Tributes paid to trailblazing motocross rider Lionette Jones
Lionette Jones dared to go where no other female athlete had gone before and few have since, in Bermuda.
The late trailblazer rode her way into local sports history when she became the first Bermudian woman to compete in the male-dominated sport of motocross at the former Coney Island racetrack in the 1980s.
Jones was a late bloomer having begun competing in the sport in her early twenties in the 80cc class before progressing to the 125cc class, where she saw out the remainder of an historic yet brief career.
Sadly, the former athlete passed away last month at age 59 after a bout with illness.
In the wake of Jones’s death, former colleagues have paid homage to her pioneering exploits on the racetrack and remarkable legacy.
“Lionette was a very tough girl, she could take a bang,” Otis Ingham, the former multiple national champion, told The Royal Gazette. “She was very daring and willing to try anything.”
Jones raised eyebrows when she showed up on the motocross scene.
“When they said a girl was starting motocross, we were all excited because it is a very male-dominated sport,” Ingham added. “To see a girl actually come out and handle a big bike like that was really something to we guys. We were like, wow!
“She got a lot of respect and admiration for what she did, and will definitely be a miss.”
John Edness, another former multiple national champion, hailed Jones’s courage to do what no other woman athlete had done before.
“That took courage for her to compete in a male-dominated sport,” he said. “Lionette was a competitor. She was beating guys and wasn’t letting nobody go by. She put up a fight.
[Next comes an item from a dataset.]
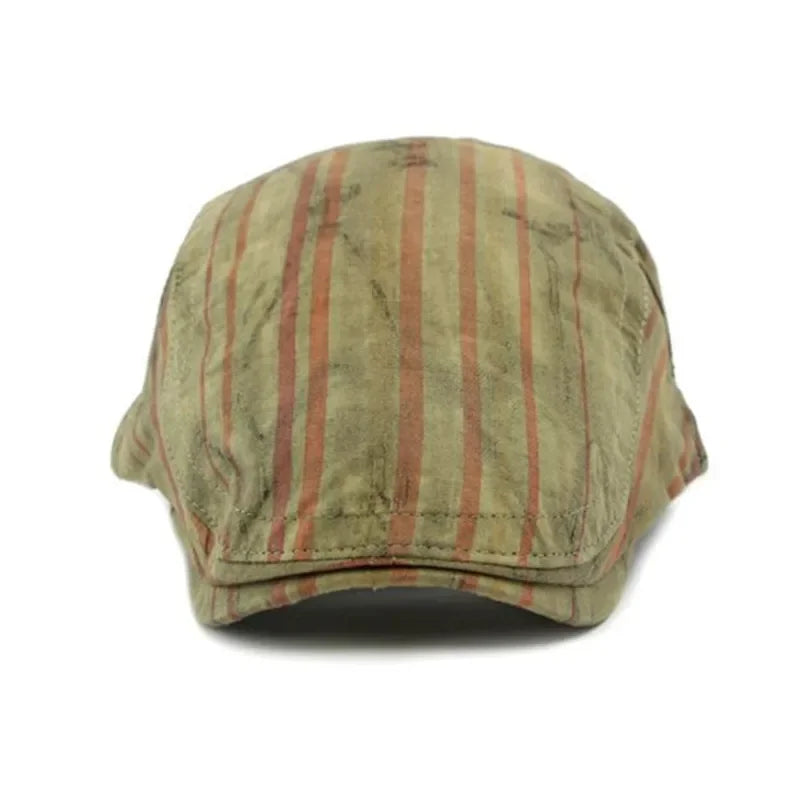 Waterford Distressed Striped Flat Cap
“She is a trailblazer and not too many women did it after that.”
Chris Shanks, another former multiple national champion, described Jones as a good rider who had a pleasant demeanour.
“We raced a bit together when we were down there in the pits,” he recalled.
“She wasn’t great at it, but rode very well.
“She was a nice girl. She was a lovely girl, very pleasant and came out and rode.
“She came out and rode with the men, and so I have to give her credit for that.
“It was a good start for her to come out. She probably could’ve opened some doors, but it didn’t really stick.
“She was in there for a few years and had fun doing it.”